(Raw data begins)
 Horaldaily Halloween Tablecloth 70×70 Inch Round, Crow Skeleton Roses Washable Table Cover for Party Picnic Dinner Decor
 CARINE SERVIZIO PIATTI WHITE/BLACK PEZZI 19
(Raw data ends)
(Raw data begins)
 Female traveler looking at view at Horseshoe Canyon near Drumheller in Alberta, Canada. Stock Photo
(Raw data ends)
From the records above, copy only the lines starting with the line that holds "Horaldaily Halloween Tablecloth" and going on through the line that holds "CARINE SERVIZIO PIATTI WHITE/BLACK PEZZI 19", exactly as written.

▸ **Answer for the task**
 Horaldaily Halloween Tablecloth 70×70 Inch Round, Crow Skeleton Roses Washable Table Cover for Party Picnic Dinner Decor
 CARINE SERVIZIO PIATTI WHITE/BLACK PEZZI 19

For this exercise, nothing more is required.